You need to learn to recognise the strength of the draws as well as the outs you have to a straight.
Flush Draws in Pot Limit Omaha
One golden rule when it comes to flush draws is that if it isn’t a draw to the nuts, it’s best if you have something to go with it.
Your opponent is highly likely looking to draw to the nuts so it’s best if you have a plan set if you have a non-nut flush draw.
Sets in Pot Limit Omaha
Sets undoubtedly are still very strong hands and can turn into full houses. If you’ve got a back-up plan to go along with it then your hand will be even stronger.
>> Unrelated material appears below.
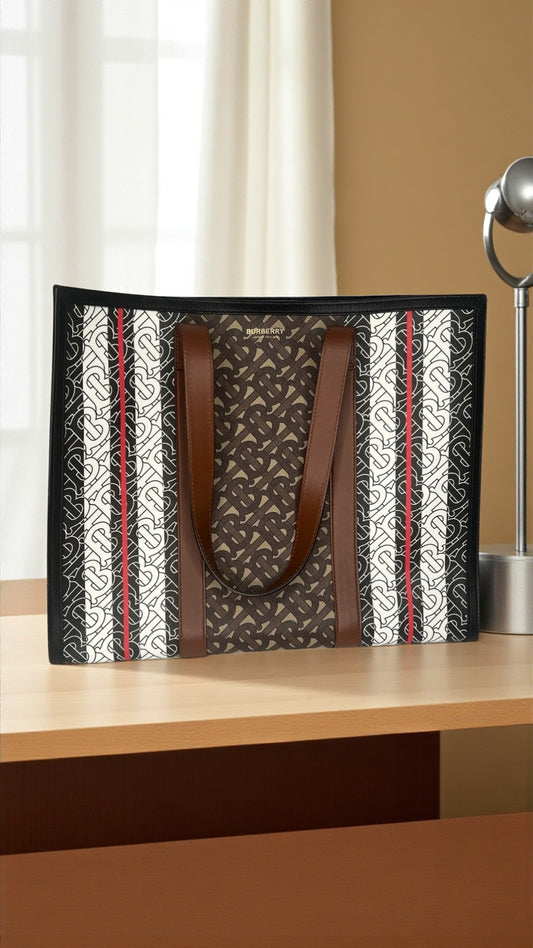 Burberry Monogram Stripe E-Canvas Portrait Tote Bag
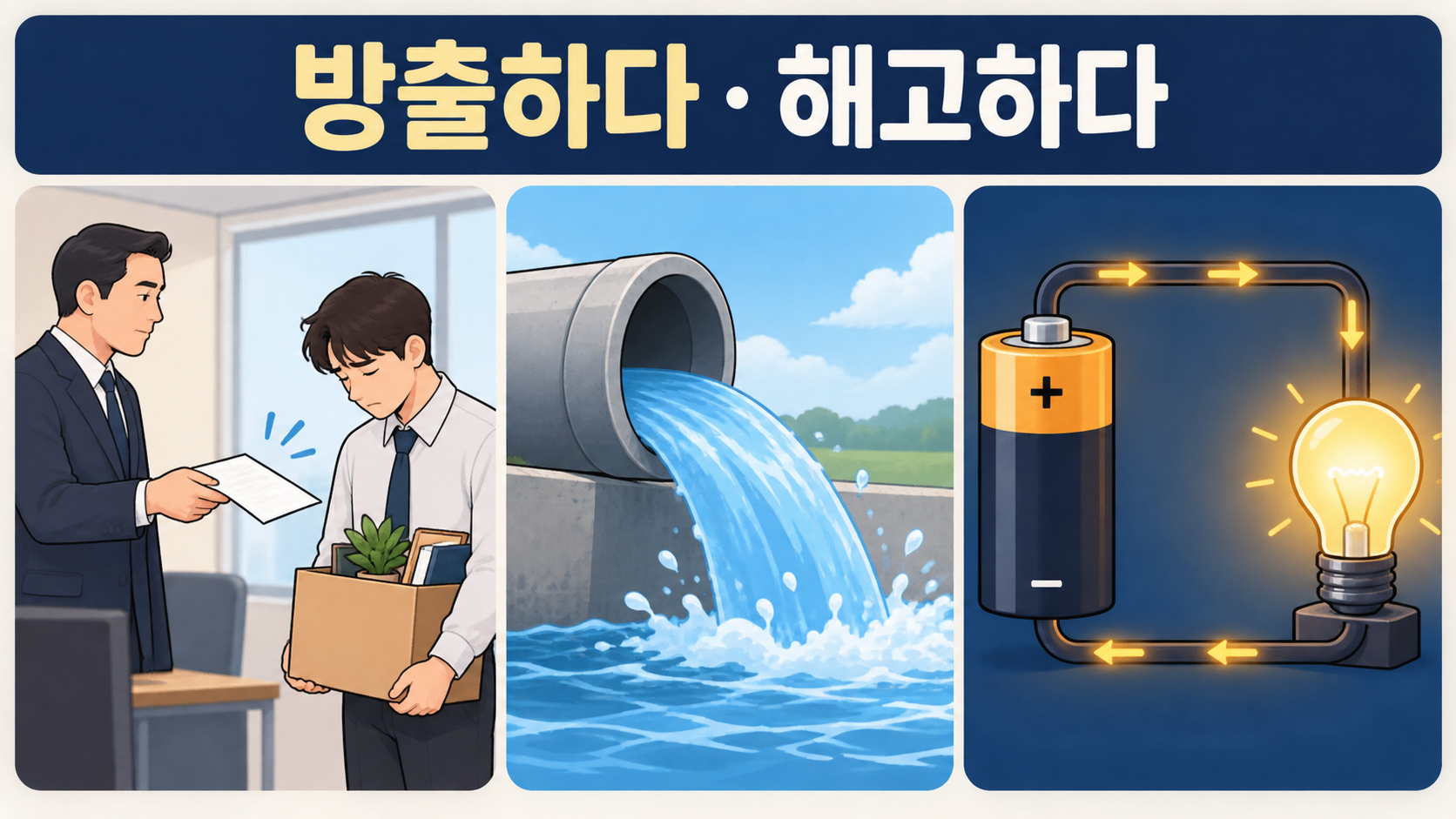 해고 통지, 배수관의 물, 배터리 회로의 전기 흐름을 나란히 보여 주는 정보카드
Okay so this is a bit of a weak hand. Two pairs can win at showdown occasionally but in Omaha you need big hands to win. If you’re fairly new to the game, you need to play tight and out of position as mistakes can be incredibly expensive.
How to plan for Pot Limit Omaha and win
The easiest way to improve at Pot Limit Omaha is to start from the very top with a plan in hand. When you are still getting accustomed to an online poker game, it would be best recommended that you simplify it as much as possible. This is especially promising when you play only good hands before the flop. And after you play these good hands before or after the flop, decisions will be much easier to make than with weaker hands.
Take advantage of simple decisions
When you get to the turn, you have a pretty good idea of how your hands will turn out. If you’re drawing and you’ve hit, get all-in. If you have missed, just play along whilst figuring out if you’re being given the right price to get one more card to hit your draw.
If on the other hand, you weren’t drawing, this is the time to decide whether or not the turn card will help your opponent. There are many scenarios that could come your way on the turn but it’s suggested that on the turn you can reap the benefits from a solid pre-flop and flop play.
By the time, you get to the river, you know what your hand is and you would be all-in by this point. If you’re not, you still need to assess the strength of your opponent’s hand. Make use of your observation skills from previous hands to decide on what to next whilst resonating what your opponent’s hand might be like.
Position is paramount
When you’re in position and your opponent checks, you have to come to a decision on whether to bluff or to check it down. If you’re out of position, then your options are limited and you have to face your opponent who has the aforementioned options.
Always keep in mind to plan your entire hand well in advance, in the beginning. You need to make the nuts and to have back-up plans. Most importantly, use your observation skills.